Case management and team collaboration both appear as workflow pressures, which is consistent with a practice area where matters are often long-running, emotionally sensitive, and require careful coordination across advisers, executors and beneficiaries.
Read Private Client practice notes, precedents and updates
Personal Injury and Clinical Negligence: a different model entirely
Personal injury and clinical negligence stands apart from every other practice area in one important respect: it is the only discipline where volume-based or commoditised work enters the top three profit drivers.
That reflects the fundamentally different economics of this market. PI and clinical negligence practices operate at scale, often on conditional fee arrangements, and profitability depends as much on throughput and process efficiency as on the quality of any individual piece of advice.
The challenges this creates are correspondingly distinctive. Cybersecurity is a top concern for 35% of PI and clinical negligence firms, higher than any other discipline, reflecting the sensitivity of the personal data these practices handle and the regulatory exposure that comes with it. Talent retention is also a more visible pressure here than elsewhere, likely linked to the operational intensity of running a high-volume practice.
For these firms, AI and automation are not just efficiency tools. They are structural requirements for a business model that depends on doing more, consistently, at lower cost per matter.
Read Personal Injury or Clinical Negligence practice notes, precedents and updates
Family: quality over volume, collaboration under pressure
Family law firms report 61% growth, the lowest in the survey, though still a majority, and their profit profile follows the private client pattern: bespoke, high-value advisory work rather than volume.

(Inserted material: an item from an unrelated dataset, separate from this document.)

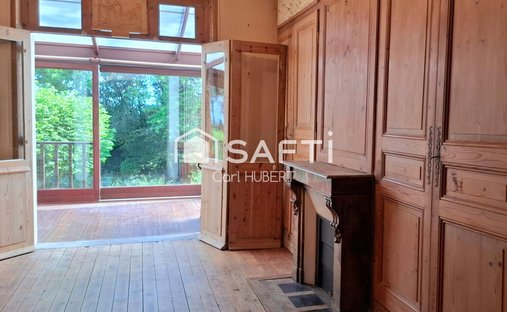 Castle for Sale in Saint-Valery-sur-Somme, Hauts-de-France, France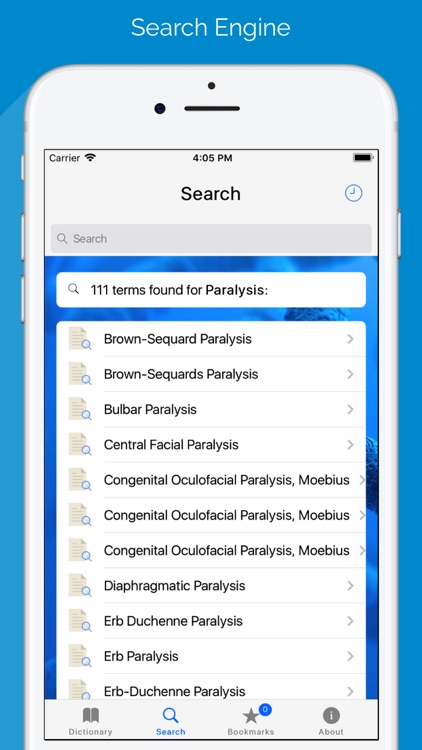 Medical Dictionary - Pro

The distinctive feature of family firms is the prominence of team collaboration as a workflow pain point. Family matters are rarely straightforward. They involve multiple issues, financial, child-related, property, that often run in parallel, require input from different specialists, and must be handled with care given the emotional circumstances of the client.
When collaboration between team members breaks down, the client experience suffers. Given that 84% of firms across the sector rate their client experience as good or excellent, family firms that struggle with internal coordination are carrying a risk that is difficult to see on the surface but significant in practice.
Read Family Law practice notes, precedents and updates
The pattern beneath the differences
What unites all seven practice areas is the shared weight of operational drag.
Administrative tasks are the leading workflow issue across every single discipline, cited by 52% of firms overall. Case management follows at 41%, and document drafting and review at 28%. These are not problems unique to any one type of law. They are the back-office reality of running a small or mid-sized firm in 2026, regardless of what kind of work fills the diary.
Similarly, overhead costs are a weakness across the board. Only 9% of firms rate their cost base as excellent, and 36% say it is merely average. This is a sector-wide structural issue, not a discipline-specific one.
The firms that will pull ahead are those that address these shared inefficiencies with the same seriousness they apply to client service. The client experience numbers are already strong. The opportunity now is on the operational side: leaner processes, better technology, and a clearer view of where margin is actually made and lost.
As Kate Bennett of Arbor Law puts it: “The next five years will reward firms that are senior-led, technology-enabled, flexible and genuinely integrated with their clients’ businesses.”